The Misfits (1961)
Written by Arthur Hiller
Directed by John Huston
The Misfits is a heartbreaking film, both from what you see on screen and what was happening behind the scenes. This would be both Clark Gable and Marilyn Monore’s final performances. Montgomery Clift, who would only make three more appearances before his death in 1966, had a troubled background and struggled with his health and sexual identity. It was very fitting that these actors be the ones playing these broken characters, lost in the Reno wastes, trying to figure out where they were going and how to connect with others. While not a violent movie, The Misfits is the bleakest picture I’ve seen from John Huston. Despite its slightly hopefully ending, there’s a lot of uncertainty about what happens next.
Rosalyn Tabor (Monroe) has just divorced her husband and goes to a bar with her landlady & friend Isabelle (Thelma Ritter) by her side. They meet Gaylord “Gay” Langland (Gable) and his tow truck driver pal Guido (Eli Wallach). After some drinks & good conversation, they keep the celebration going at Guido’s old house in the Nevada country. Rosalyn learns Guido’s wife died here during childbirth, and despite the dance & drink, that idea lingers with her. Guido lives elsewhere and offers the place to Rosalyn as somewhere she can restart her life. She develops feeling for the aging cowboy Gay and the two move into the site together, sprucing it up and making it a home.
Gay notices rabbits are eating in the garden, and he says he’ll sit up with his rifle and stop them.
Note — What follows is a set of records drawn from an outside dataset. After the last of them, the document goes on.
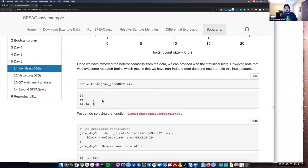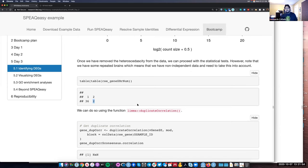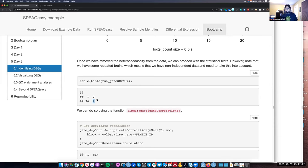The code that limma has to handle non-independent data — whether duplicated brains or a strong batch effect variable — is the duplicate correlation function. If there's a strong batch effect, we could try to adjust for it using this. The way duplicate correlation works is that you give it a matrix of expression. We created the vGene object from the voom function, which stores the expression under the dollar sign E element. We extract that expression, use our design model called mod, and introduce the block argument.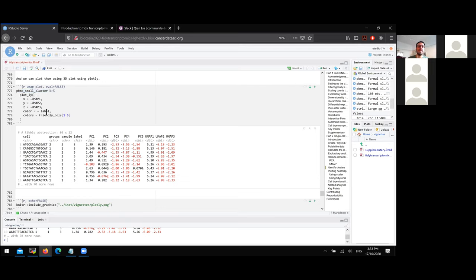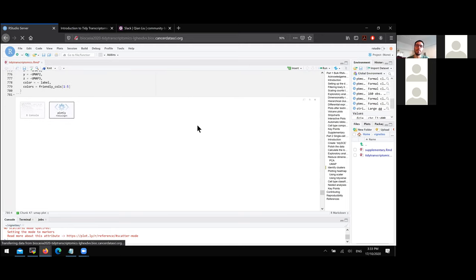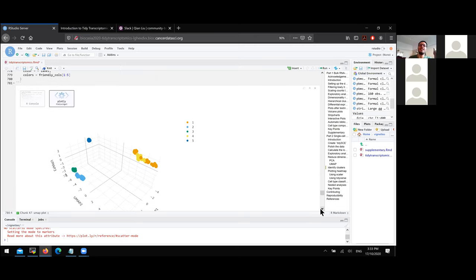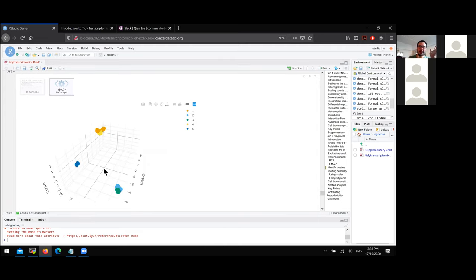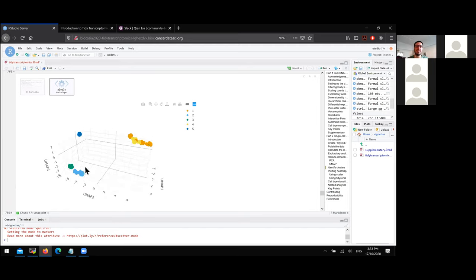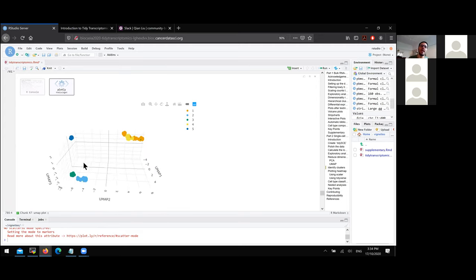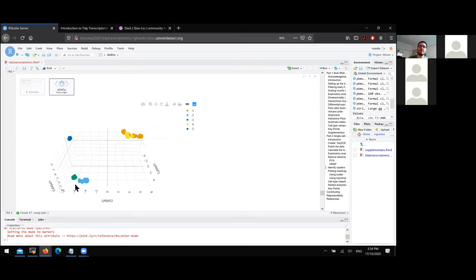We showcase the versatility of the tidyverse infrastructure for visualization: using plotly we can quickly produce an interactive 3D plot using the first three UMAP dimensions, colored by identified clusters. Even with this toy dataset you can see how much more meaning you get from adding a third dimension — the third dimension includes quite a lot of variability. We can see roughly three to four clusters, and the automatic clustering did quite a good job.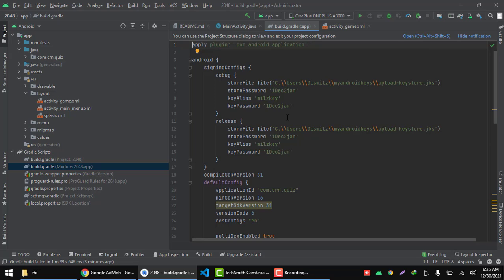So to locate this, or to add this automatically, just go to project structure.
Rosalyn is incredibly appalled about death, especially a person taking an innocent animal’s life. The quartet ends up going to a rodeo nearby where Rosalyn meets Perce (Clift), a bull rider and old friend of Gay and Guido’s. She is shocked when Perce is thrown from a bull and struck, bleeding from the head. It becomes clear Guido and Perce are slightly jealous of Gay and clearly lust in varying degrees for Rosalyn. Everything comes to a head on a trip into the mountains where Rosalyn learns of pretty barbaric practice the three men engage in that becomes a breaking point for her.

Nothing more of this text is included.